A TIE fighter-Millennium Falcon battle on a sand planet?!? Mind: blown. |
There were some story and sci-fi quirks that I got hung up on as well (which is saying something considering the Star Wars reputation for ignoring both), but my big hang up was with the bad guys themselves. Through the first two movies it was enough to know Empire: Bad, Rebels: Good. Even by Jedi though this was starting to wear thin and into the newer Lucas trilogy one gets the impression that this whole galactic imbroglio is just some Skywalker intra/inter clan warfare writ large and Awakens does the franchise no favors by failing to resolve the whole good versus evil issue.
It would be rather easy to craft a narrative around a society’s never ending struggle to balance freedom (rebels) and security (empire). However this narrative falls apart since the Empire doesn’t seem to have a desire to rule over anyone: they’re all about blowing up planets and building more crap with which to blow up planets. If they wanted to rule over the galaxy it would be simple enough to use .00001% of the budget from one of their many Deathstar fiascos to buy off every politician in every governing body in the Galaxy (the Saudis have been doing it here for decades so that’s proof positive that it works).
Barring that, the only thing that seems to hold up is the Japanese anime view of the darkside consisting of evildoers whose only goal is to accelerate entropy or to embody entropy itself.
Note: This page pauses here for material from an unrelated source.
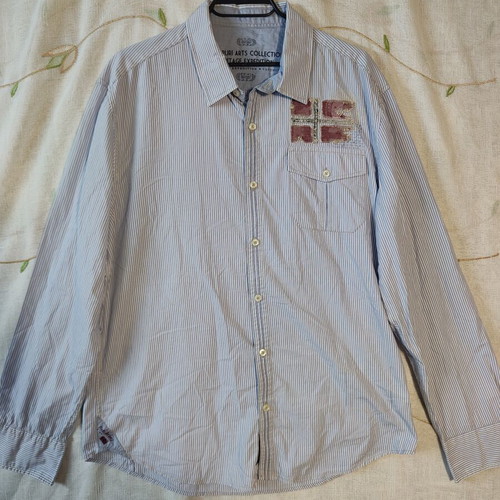 Napapijri Maritime Shipping Heritage Expedition XXL men's long sleeve shirt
The only problem with this (and you may have noticed this), anime is not very popular with general audiences because this tact is stupid. Bad guys who want to destroy the planet/galaxy/universe in order to “end suffering” or “eliminate the plague that is life” are not bad guys anyone outside of Japan can find any relation to.
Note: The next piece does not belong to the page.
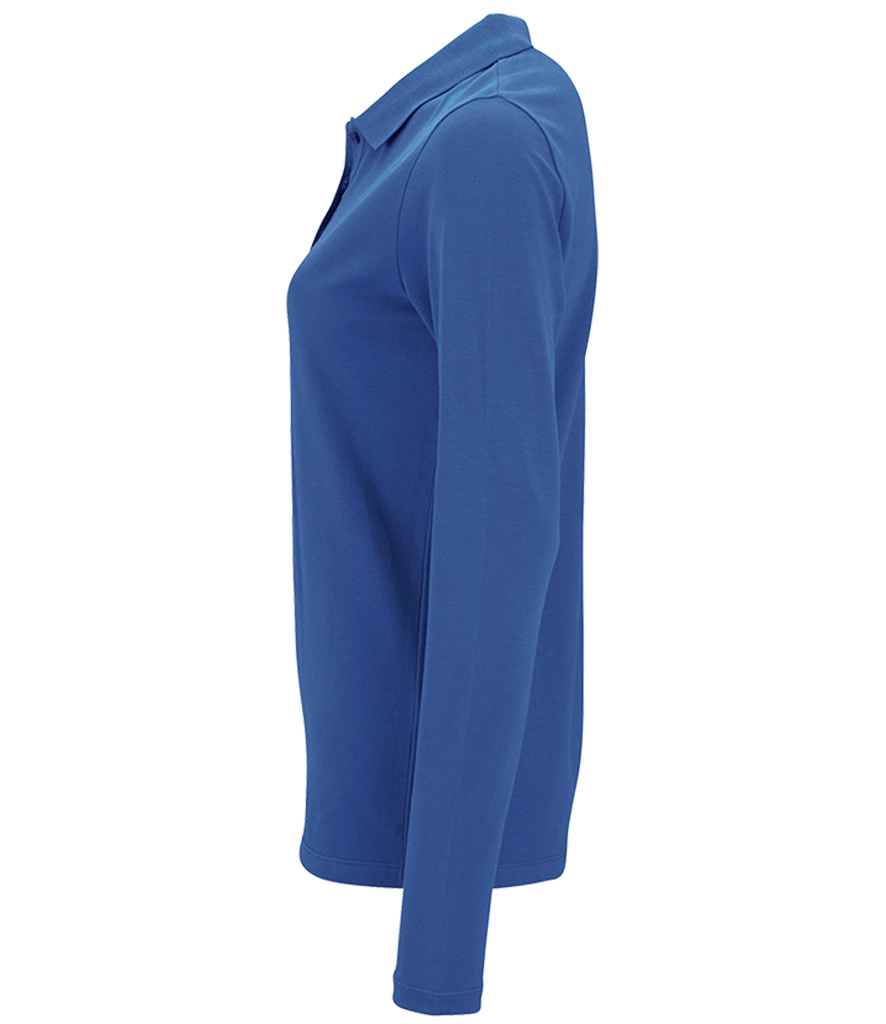 SOL'S Ladies Perfect Long Sleeve Piqué Polo Shirt - Royal Blue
- Black people came to the showing I was at and made a point to cheer on Black Jedi Dude. It’s a shame because this character had the most complex possibilities but was pressed into a two dimensional form; good enough for some I suppose…
- Some back and forth between friends about how Star Wars became a series of films even though it’s plain to see that it was never meant to be. I thought this contrasted interestingly with Star Trek which could make a movie about the main characters (or even different characters in the same universe) playing poker all day and it would raise nary an eyebrow; at least if it was done properly (it certainly wouldn’t be the worst Star Trek film).
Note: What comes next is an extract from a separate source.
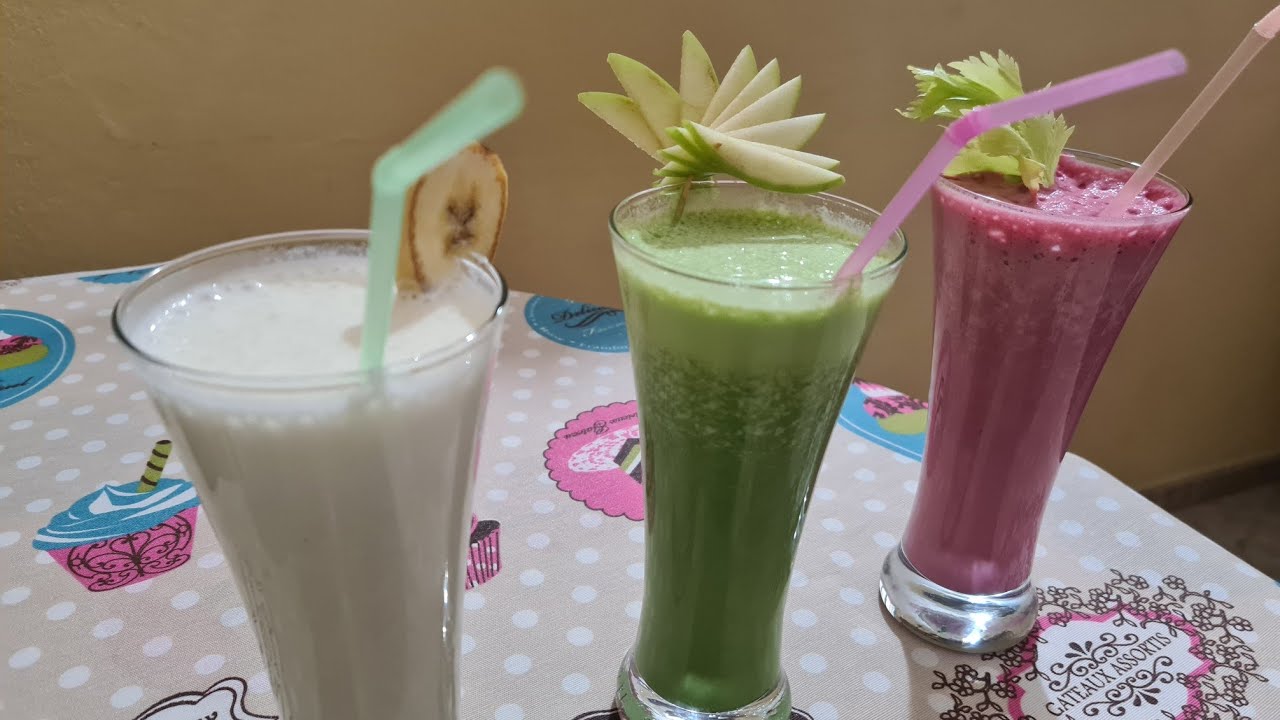 batidos saludables y económicos con sólo 2 ingredientes,fácil y rapido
- Hollywood has sadly gotten rather adept at crafting films like this that have no good or evil. Liberalism would dictate that the bad guys are the freedom loving guys while the good guys are puritanical tyrants that want to force the galaxy to pay for midnight basketball on planet Brotha 9. Well that doesn’t work, even for sympathizers, and the opposite would mean introspection of the horror of one’s ideals so…best to make an epic empty movie about nothing. In the end this may have less to do with the Star Wars universe than the idiots tasked with creating the films.
- There was a couple in the theater that stayed until the end of the credits. I was hanging around out of site by the door waiting for Mrs. Sandmich when I heard the guy say “they nailed it”. I wanted to ask him, “Nailed what? The intro text?”. Maybe this movie wasn’t made for me. It did remind a bit of the Harry Potter films where if you aren’t enjoying it in the first few minutes then you’re watching the wrong movie.